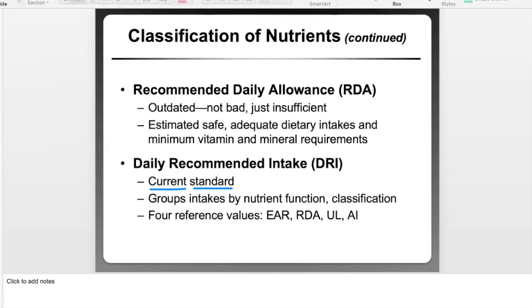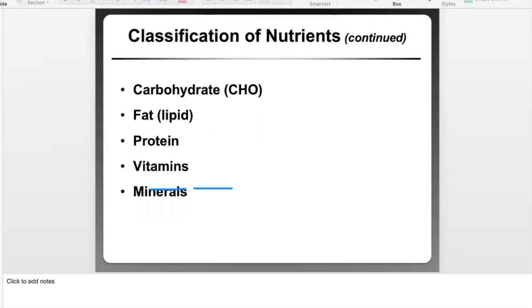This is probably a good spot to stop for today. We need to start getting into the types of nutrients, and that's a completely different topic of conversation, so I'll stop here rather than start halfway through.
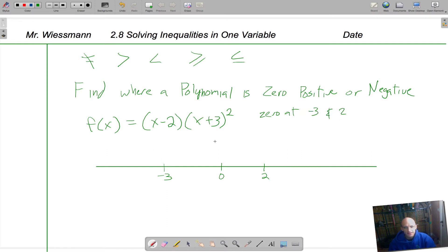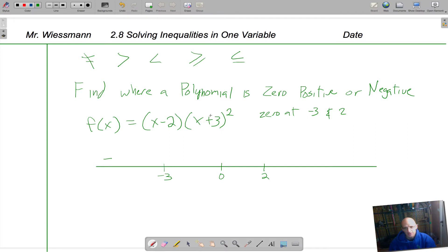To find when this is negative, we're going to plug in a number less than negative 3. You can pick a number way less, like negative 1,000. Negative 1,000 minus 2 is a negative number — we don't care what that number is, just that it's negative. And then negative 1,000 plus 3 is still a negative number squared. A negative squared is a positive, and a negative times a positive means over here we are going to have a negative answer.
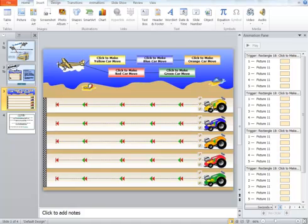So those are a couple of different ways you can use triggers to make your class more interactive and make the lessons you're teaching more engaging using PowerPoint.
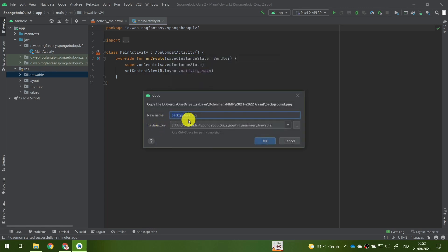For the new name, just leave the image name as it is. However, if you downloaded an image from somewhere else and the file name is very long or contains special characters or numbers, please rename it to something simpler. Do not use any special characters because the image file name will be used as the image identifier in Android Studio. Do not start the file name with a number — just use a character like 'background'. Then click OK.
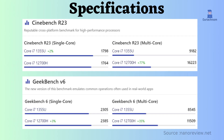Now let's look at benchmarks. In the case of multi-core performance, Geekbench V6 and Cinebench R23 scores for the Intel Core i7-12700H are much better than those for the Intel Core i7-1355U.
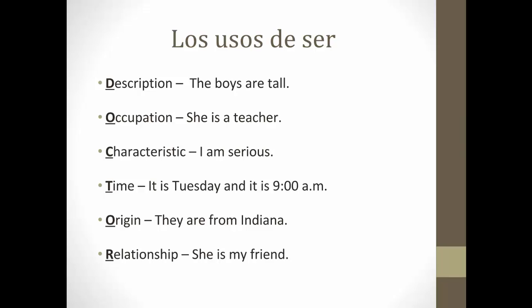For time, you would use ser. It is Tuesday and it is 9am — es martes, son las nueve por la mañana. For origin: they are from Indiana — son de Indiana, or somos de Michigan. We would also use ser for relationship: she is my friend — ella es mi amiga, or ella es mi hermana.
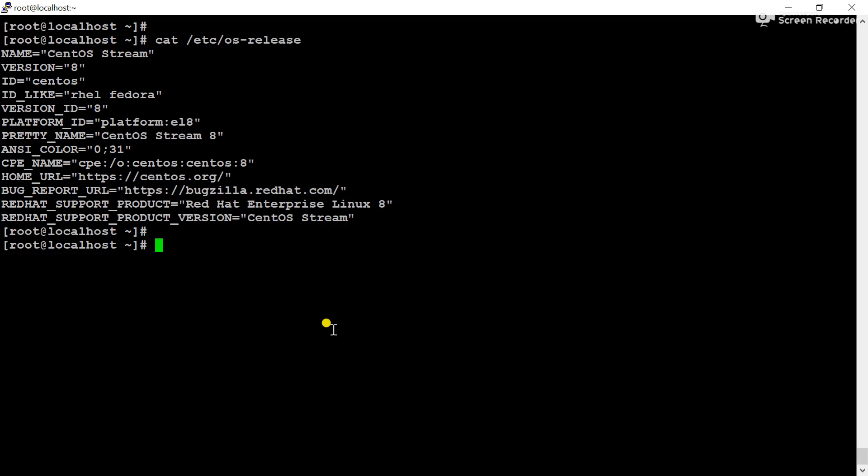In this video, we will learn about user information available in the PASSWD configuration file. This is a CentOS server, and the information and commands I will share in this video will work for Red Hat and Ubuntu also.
====
- What the task requires -
Your reply must contain each entry exactly as written and no pictures.

- Task result -
This is probably a good spot to stop for today. We need to start getting into the types of nutrients, and that's a completely different topic of conversation, so I'll stop here rather than start halfway through.
To find when this is negative, we're going to plug in a number less than negative 3. You can pick a number way less, like negative 1,000. Negative 1,000 minus 2 is a negative number — we don't care what that number is, just that it's negative. And then negative 1,000 plus 3 is still a negative number squared. A negative squared is a positive, and a negative times a positive means over here we are going to have a negative answer.
So those are a couple of different ways you can use triggers to make your class more interactive and make the lessons you're teaching more engaging using PowerPoint.
For the new name, just leave the image name as it is. However, if you downloaded an image from somewhere else and the file name is very long or contains special characters or numbers, please rename it to something simpler. Do not use any special characters because the image file name will be used as the image identifier in Android Studio. Do not start the file name with a number — just use a character like 'background'. Then click OK.
Now let's look at benchmarks. In the case of multi-core performance, Geekbench V6 and Cinebench R23 scores for the Intel Core i7-12700H are much better than those for the Intel Core i7-1355U.
For time, you would use ser. It is Tuesday and it is 9am — es martes, son las nueve por la mañana. For origin: they are from Indiana — son de Indiana, or somos de Michigan. We would also use ser for relationship: she is my friend — ella es mi amiga, or ella es mi hermana.
In this video, we will learn about user information available in the PASSWD configuration file. This is a CentOS server, and the information and commands I will share in this video will work for Red Hat and Ubuntu also.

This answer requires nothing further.